DX Unified Infrastructure Management

 View Only

 How to alert if tunnel client is down?

Eivind Olsen's profile image
Eivind Olsen posted May 31, 2023 10:05 AM

I have a requirement to create an alert when a tunnel between two hubs stops working. The setup is currently like this:

PRIMARY_HUB (tunnel client) ---- (tunnel server) TUNNEL_HUB (tunnel server) ---- (tunnel client) REMOTE_HUB

(in other words, since my text-drawing skills are limited, TUNNEL_HUB is a tunnel server, and PRIMARY_HUB and REMOTE_HUB both connect to it as tunnel clients)

If I check the settings on all these servers (HUB config -> Tunnels -> Advanced), they all have "Tunnel is Hanging Timeout" set to 120, but we've had tunnels down for longer than that (when REMOTE_HUB had problems) without seeing any alerts for it.

UIM - Alarm configuration for tunnels when they go down (broadcom.com) does suggest that "the best way to monitor other hubs is to use the net_connect probe to check if the NimBUS_HUB service (port 48002) is responding", but that's not really an option here. Due to security policies, the TUNNEL_HUB isn't allowed to initiate any connections into the net where REMOTE_HUB resides.

Are anyone successfully doing this, or have you found a work-around of some sorts? Oh, this is on UIM 20.4 by the way.

Regards,
Eivind Olsen

Garin Walsh's profile image
Garin Walsh

The usual approach to this is to monitor for some evidence that the tunnel is working, not that it's down. And then infer from that whether the tunnel is there.
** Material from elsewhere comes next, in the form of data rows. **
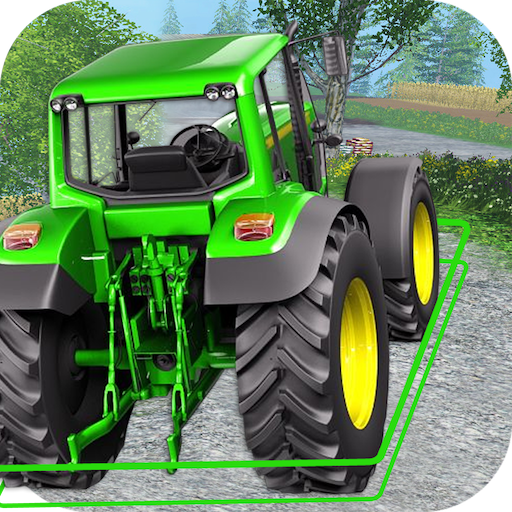Tractor Parking 3D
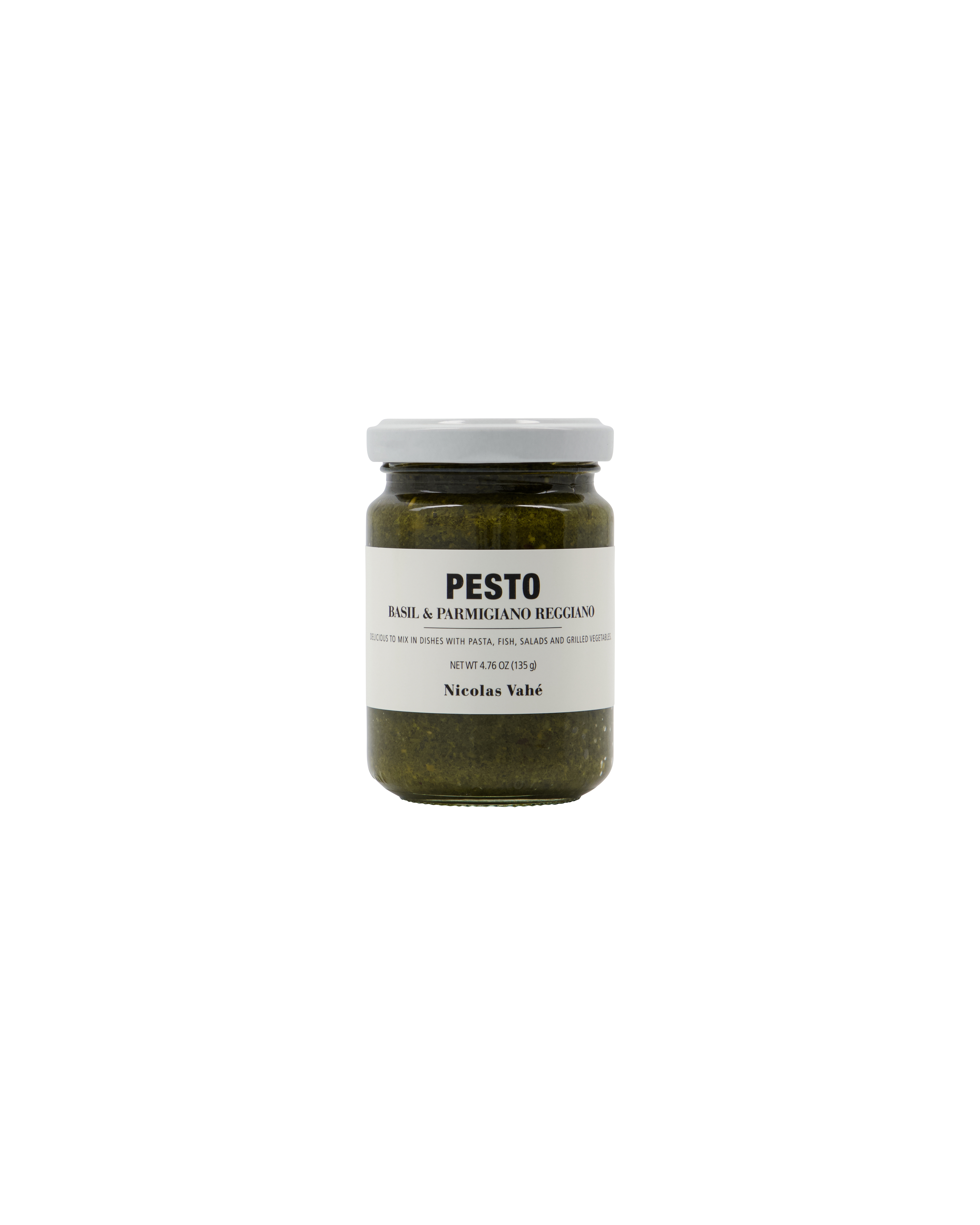 Nicolas Vahé - Pesto, Basil & parmesan, 135 g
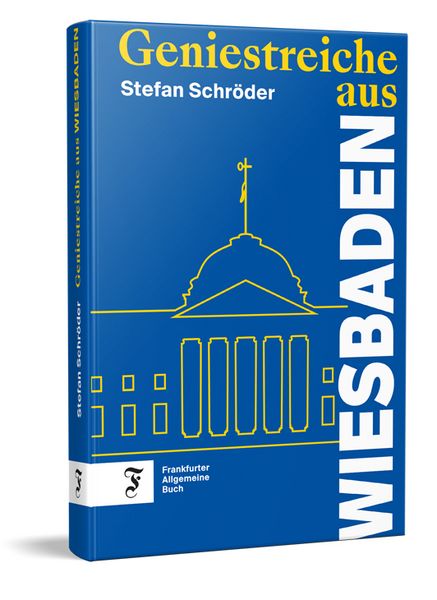 Produktbild: Geniestreiche aus Wiesbaden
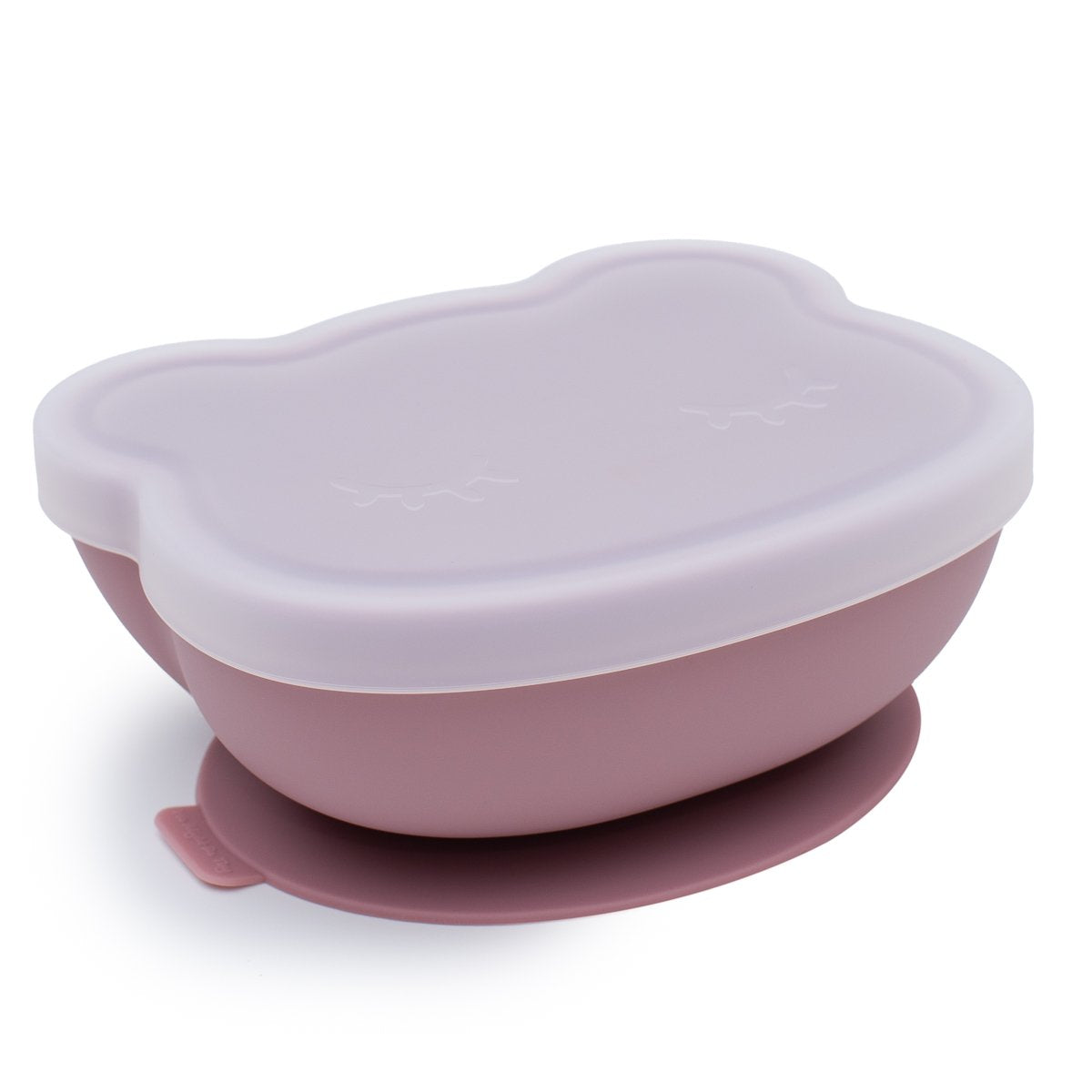 WE MIGHT BE TINY - STICKIE BOWL (WITH LID) - VARIOUS COLOURS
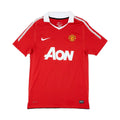 Maillot domicile Manchester United 2010-11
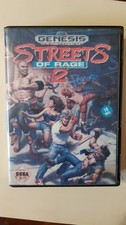 Streets of Rage 2 (Sega
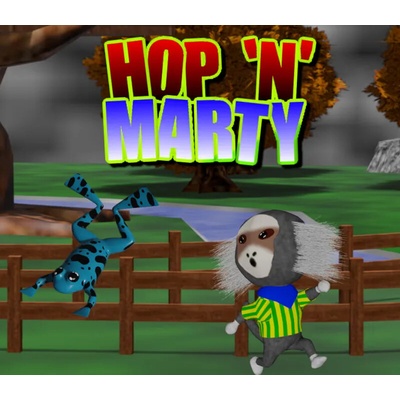 Hop 'n' Marty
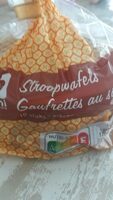 Gaufrettes au sirop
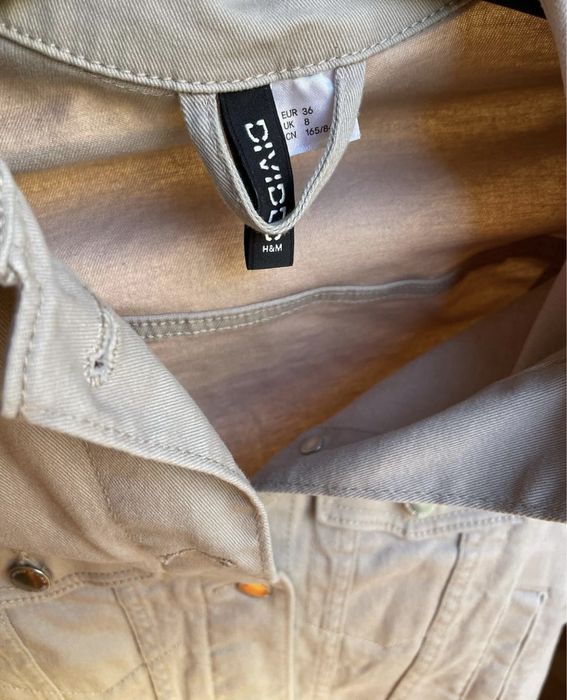 Дамско късо яке H&M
So for instance, query against s_qos_snapshot with sql/jdbc_response for a qos that's captured reliably from every hub (like CDM cpu usage) and then if that value in the snapshot table gets old, you know that no data is coming in from that hub/robot. 

That will get many more failure cases than just the tunnel down but those typically are more valuable than just the infrastructure failure.